--- Information supplied ---
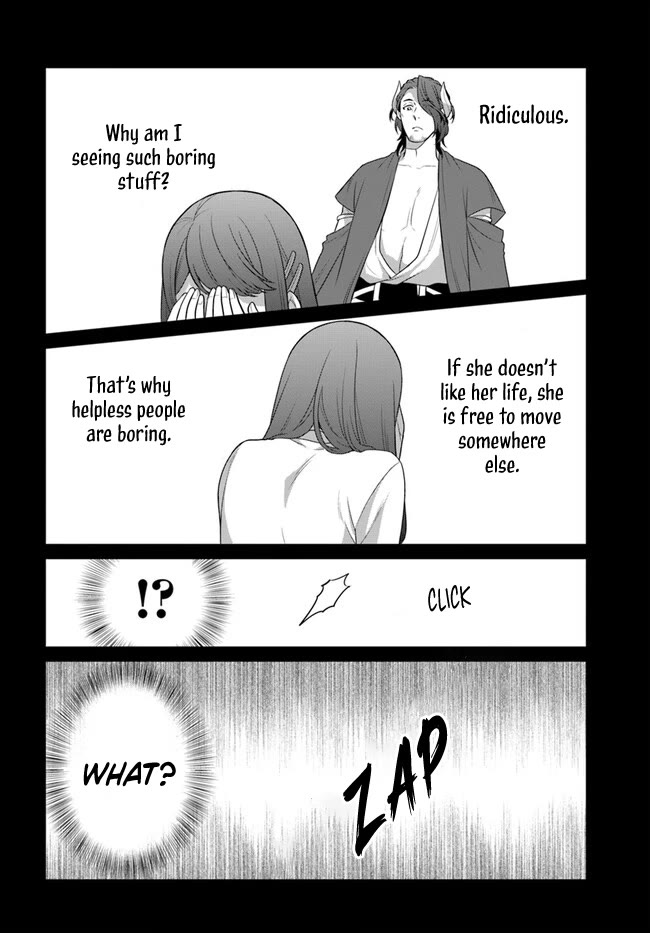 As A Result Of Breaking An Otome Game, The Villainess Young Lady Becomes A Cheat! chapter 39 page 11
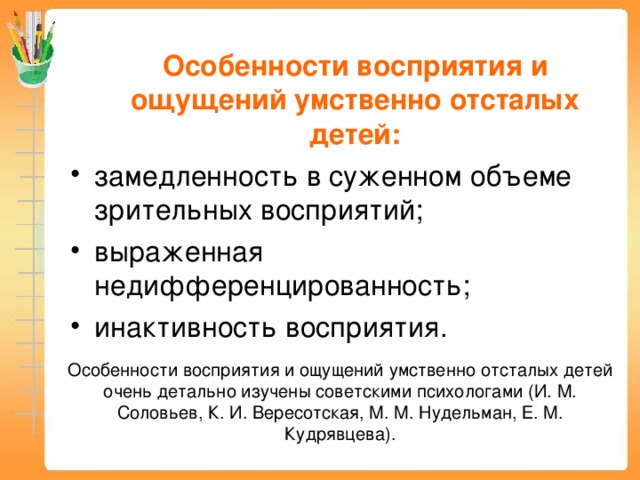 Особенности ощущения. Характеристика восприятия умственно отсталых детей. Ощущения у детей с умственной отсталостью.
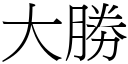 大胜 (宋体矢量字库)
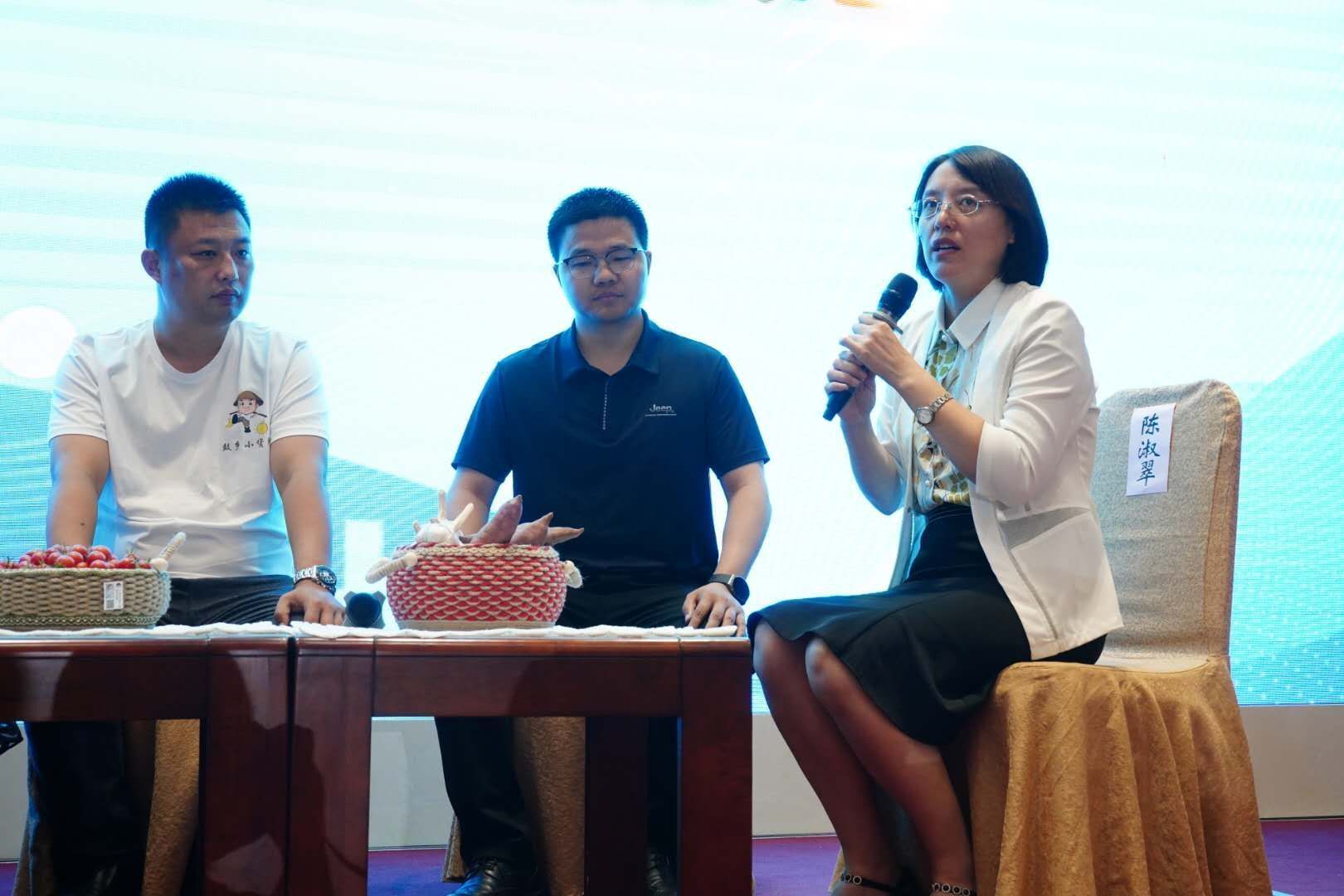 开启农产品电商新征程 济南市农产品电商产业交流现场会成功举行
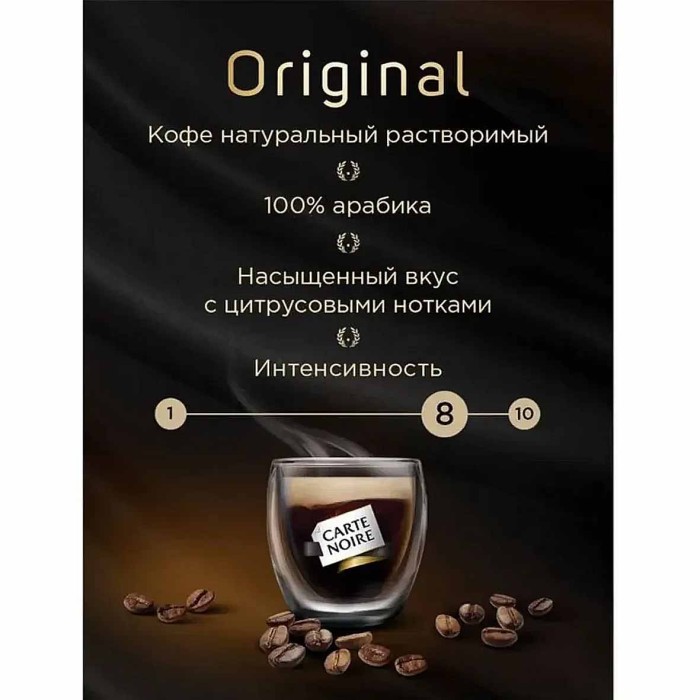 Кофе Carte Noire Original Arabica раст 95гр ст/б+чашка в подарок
---
--- Information supplied ---
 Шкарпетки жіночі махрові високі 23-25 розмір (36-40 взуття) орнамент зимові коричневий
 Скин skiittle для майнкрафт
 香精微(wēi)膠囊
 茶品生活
---
--- Information supplied ---
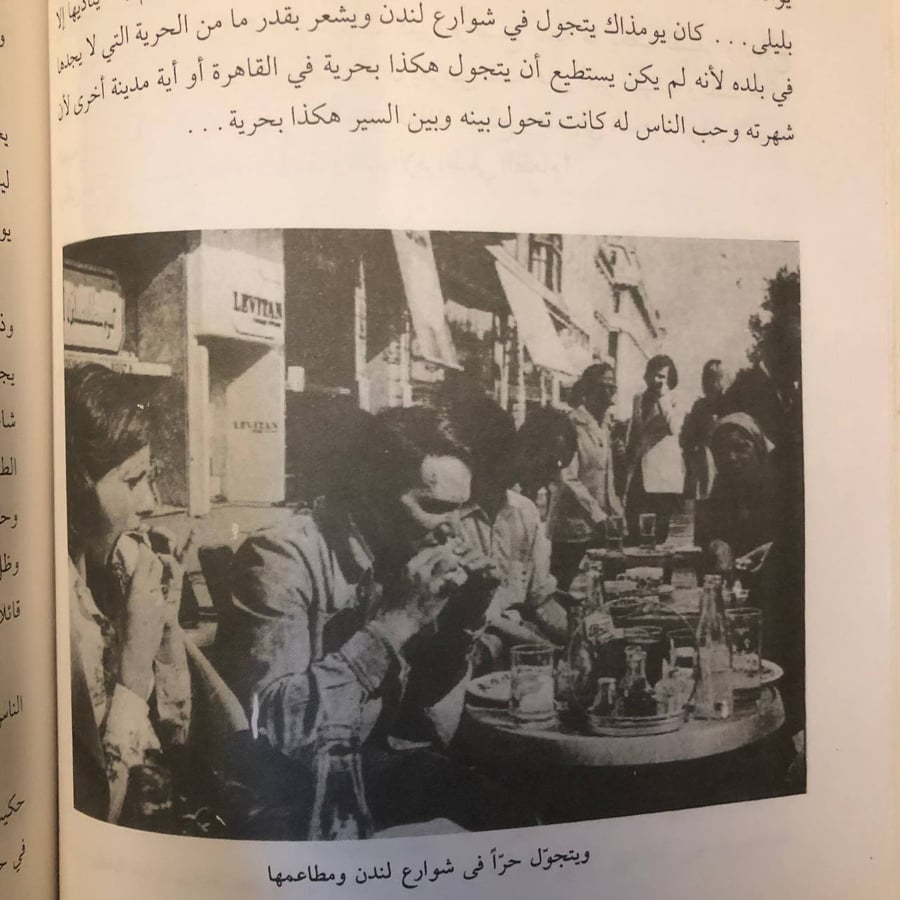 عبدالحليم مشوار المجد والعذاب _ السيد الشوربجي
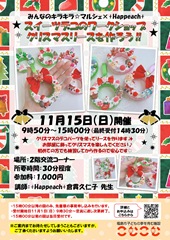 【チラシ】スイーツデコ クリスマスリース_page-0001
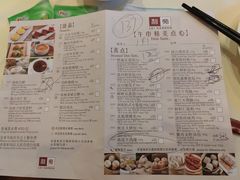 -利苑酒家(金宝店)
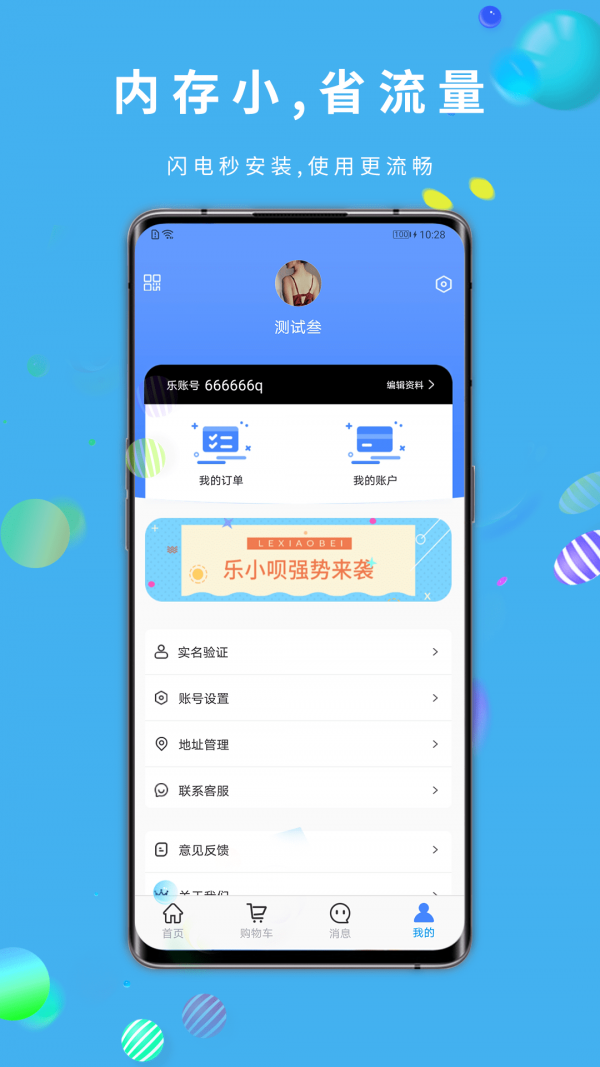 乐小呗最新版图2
---
= What you should do =
Using the data above, which lines fall from the one with "开启农产品电商新征程 济南市农产品电商产业交流现场会成功举行" through the one with "Кофе Carte Noire"? Repeat them exactly, ends included, minus any pictures.

= Output below =
 开启农产品电商新征程 济南市农产品电商产业交流现场会成功举行
 Кофе Carte Noire Original Arabica раст 95гр ст/б+чашка в подарок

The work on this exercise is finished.